→ PROMPT: For the records below, output word for word the lines from the one with "REISS Women's Black" up to and including the one with "Womens Shiny Sequin". No pictures.

→ DATASET ENTRIES:
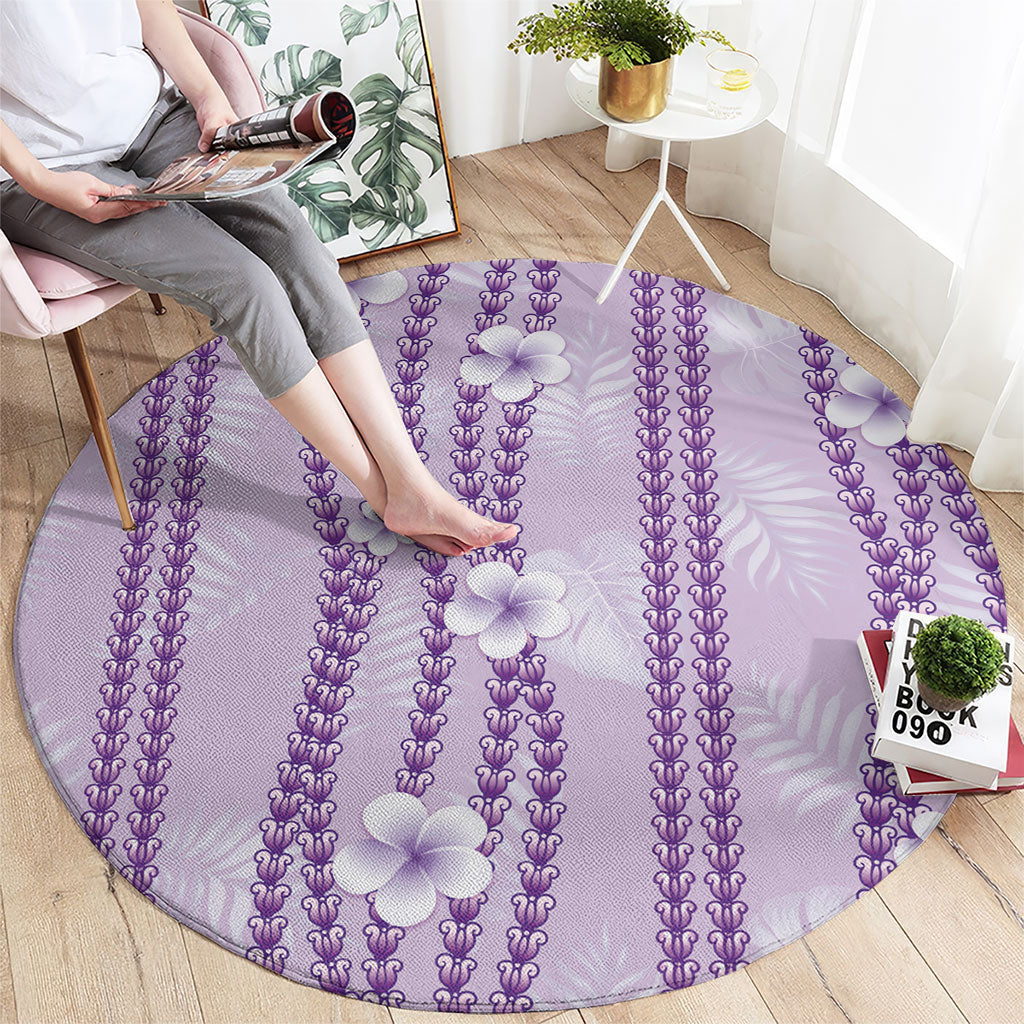 Hawaii Queen Liliuokalani Round Carpet Lavender Lei Pua Kalaunu LT05 - Polynesian Pride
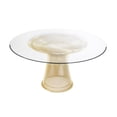 thumbnail image 1 of Worsham 39" Dining Table with Gold Base and Tempered Glass Top – Featuring a Stylish Platner-Inspired Design for a Sophisticated and Contemporary Dining Space, 1 of 3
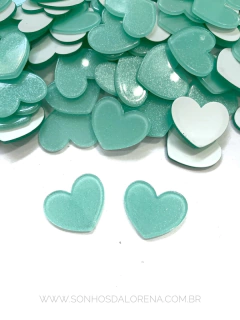 APLIQUE ACRÍLICO CORAÇÃO GLITER FINO M TIFANY 02 UNIDADES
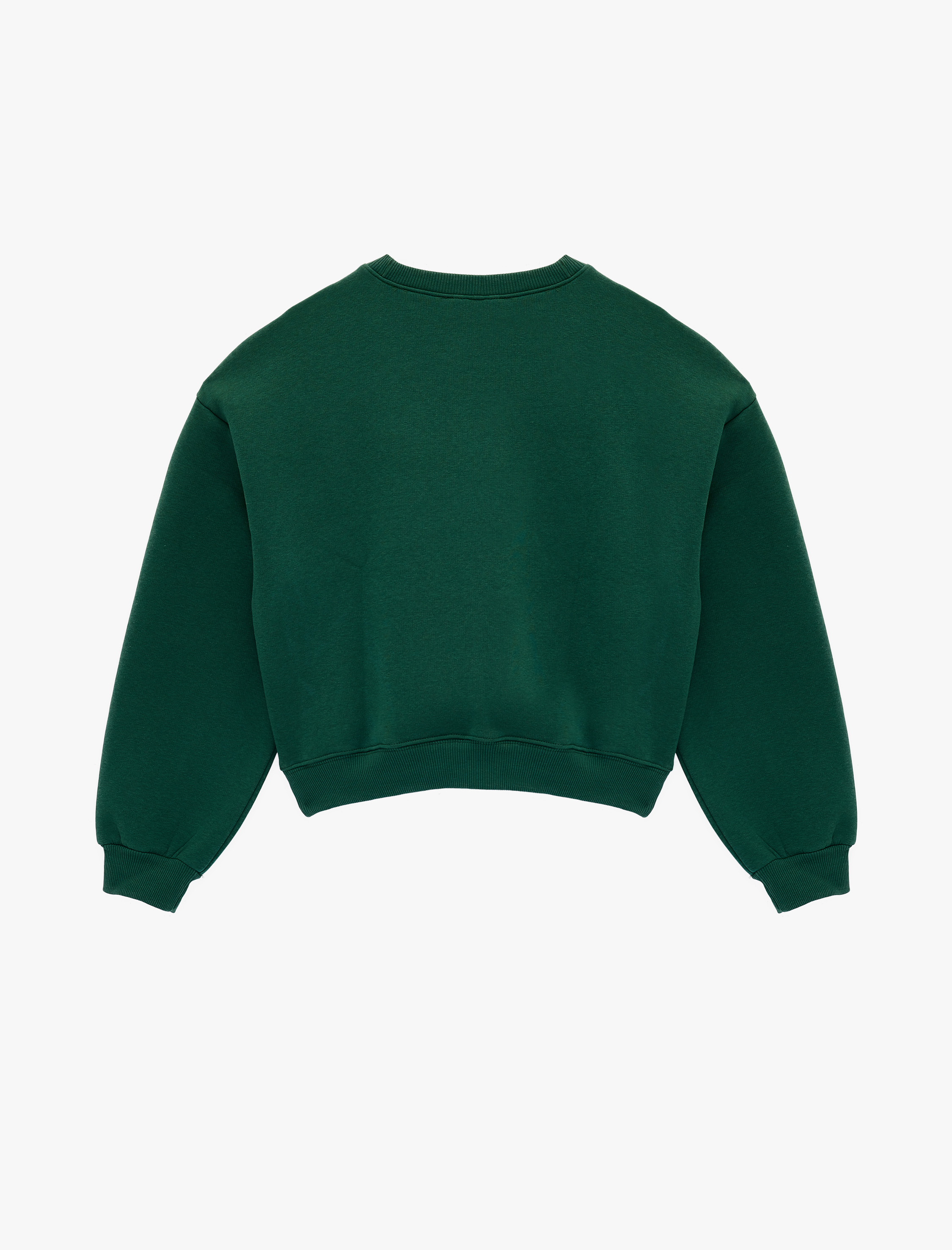   Şardonlu Baskılı Uzun Kollu Bisiklet Yaka Sweatshirt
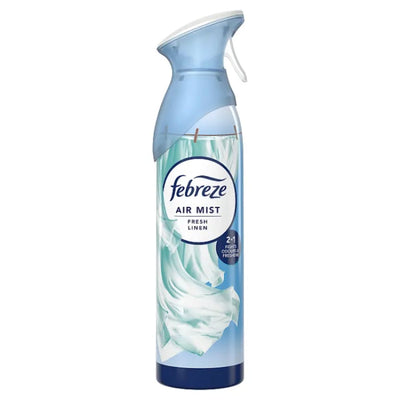 A 185ml Febreze Fresh Linen Air Mist spray can features a blue and white design with the brand logo and mist illustration, highlighting OdourClear Technology.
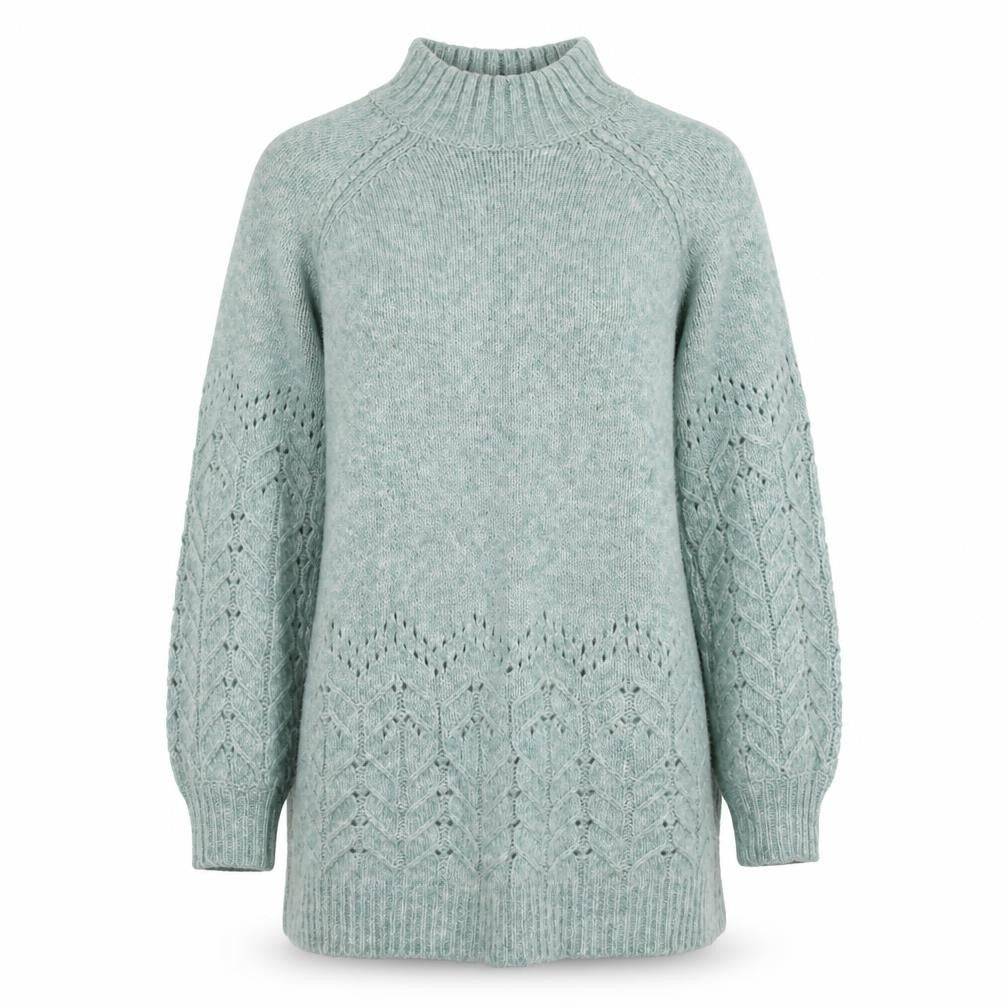 Front view of M&Co Women's Green Chunky Knit Pullover, size 12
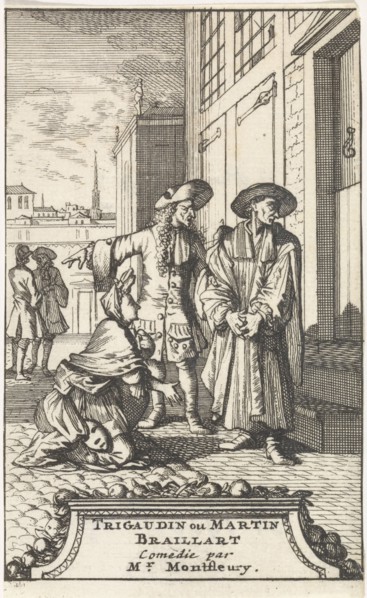 Lucie kneels for La Riviere who is dressed up as a spiritual, print maker: Caspar Luyken, Adriaan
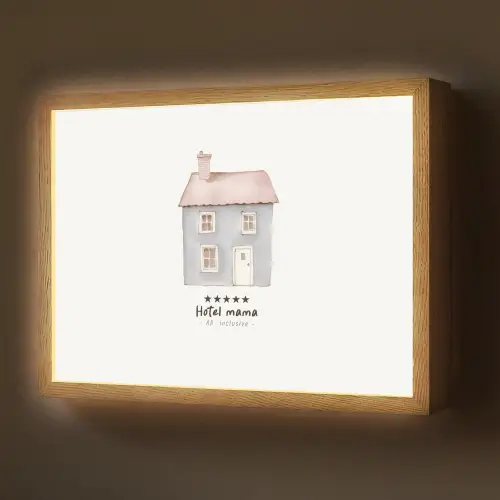Lichtblauw - Huisje - Mama - Tekst Light Box met batterij (Wandlamp) middel -z3d_website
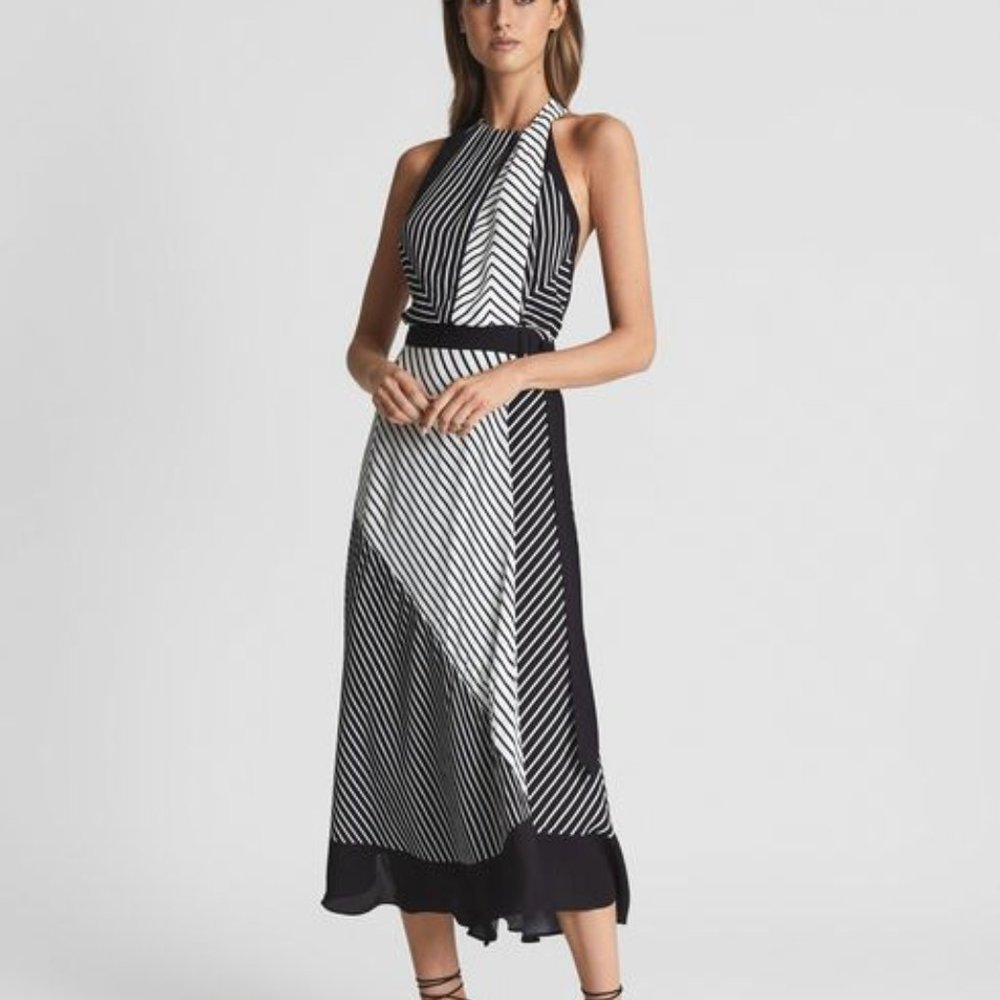 REISS Women's Black & White ILA MONO-STRIPE Halter Occasion Dress size 6.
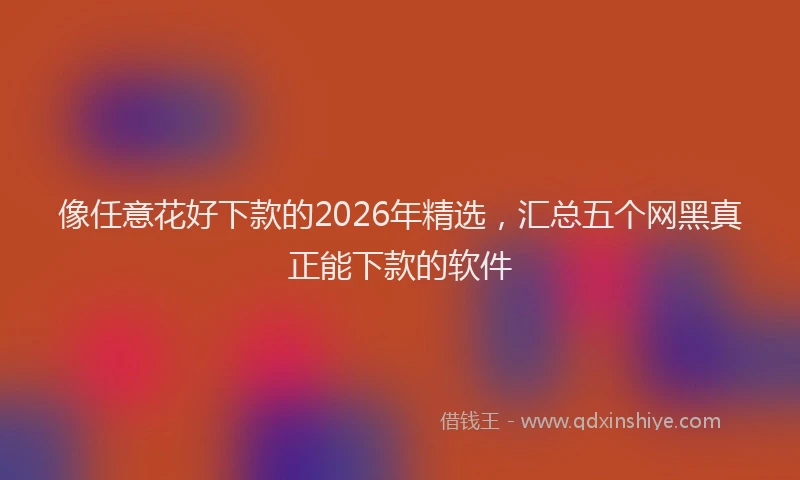 像任意花好下款的2026年精选，汇总五个网黑真正能下款的软件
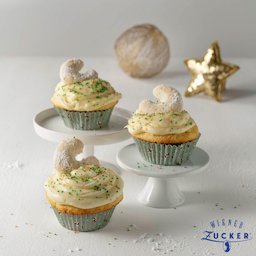 Vanillekipferl-Cupcakes mit Winterfrosting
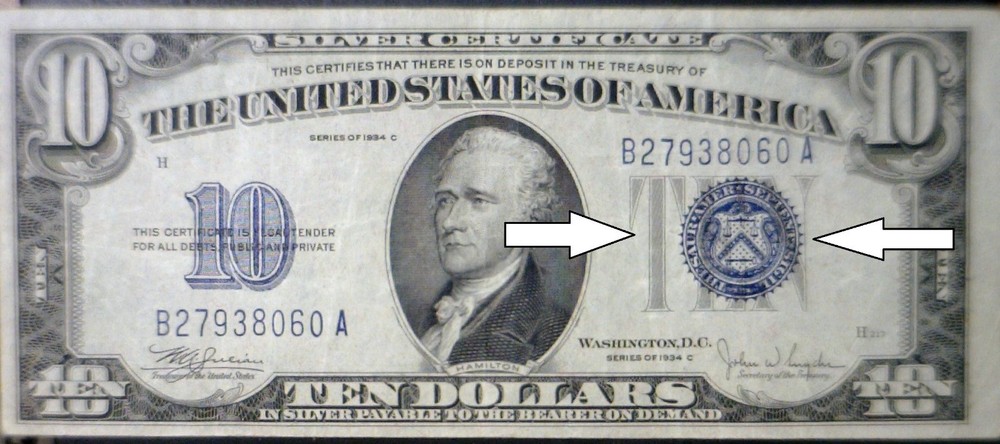 1934c ERROR 3rd Print Shift $10 SILVER CERTIFICATE VF + Note Currency  NR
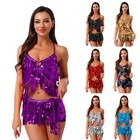 Womens Shiny Sequin Tassel Belly Dance Costume Shiny Crop Top Hip Scarf Set 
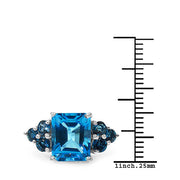 Bids.com 4.72 Carat Genuine Swiss Blue Topaz & London Blue Topaz .925 Sterling Silver Ring Rings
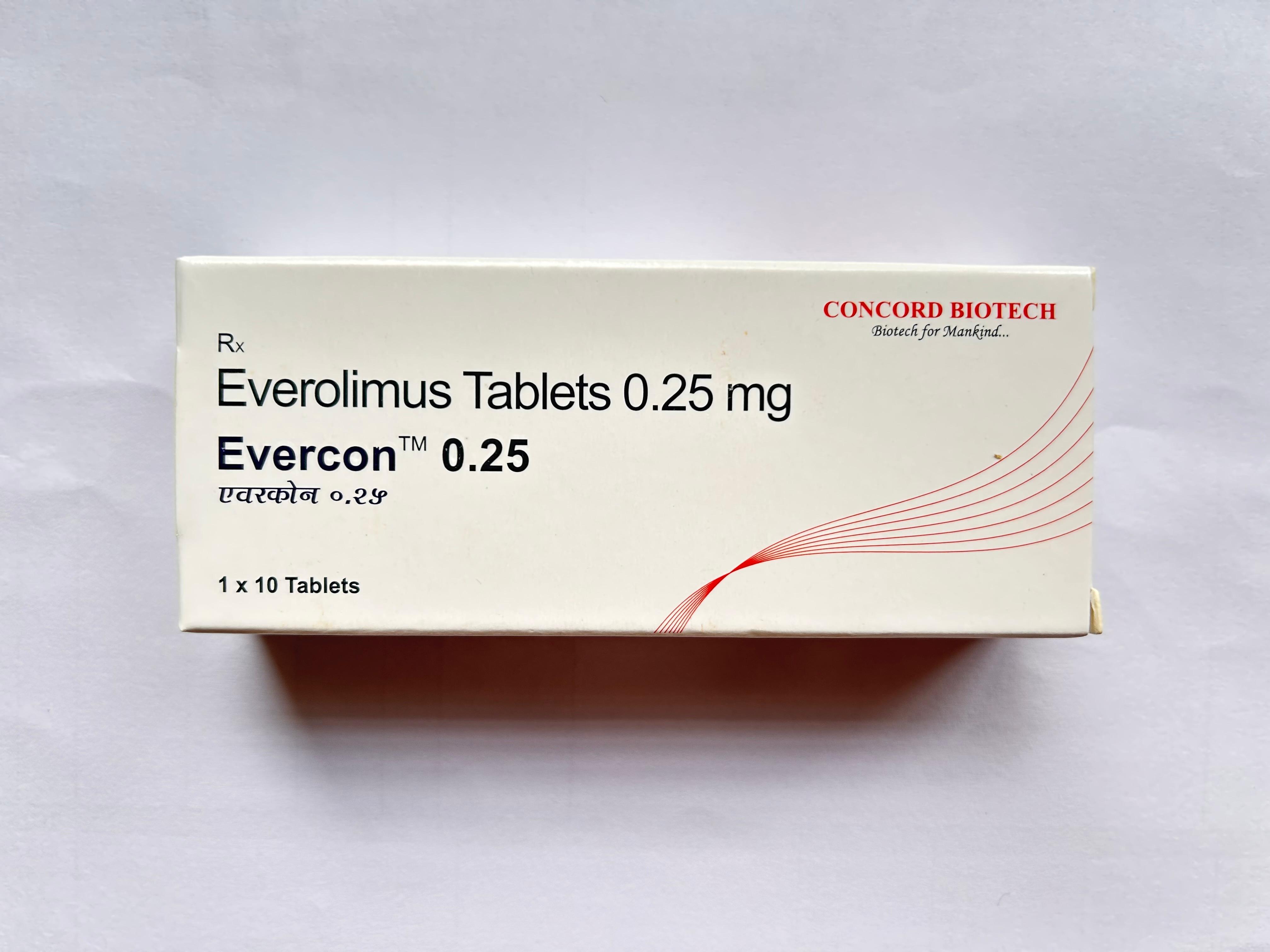 Evercon 0.25mg Tablet  is used to treat cancer.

→ EXERCISE ANSWER:
 REISS Women's Black & White ILA MONO-STRIPE Halter Occasion Dress size 6.
 像任意花好下款的2026年精选，汇总五个网黑真正能下款的软件
 Vanillekipferl-Cupcakes mit Winterfrosting
 1934c ERROR 3rd Print Shift $10 SILVER CERTIFICATE VF + Note Currency  NR
 Womens Shiny Sequin Tassel Belly Dance Costume Shiny Crop Top Hip Scarf Set 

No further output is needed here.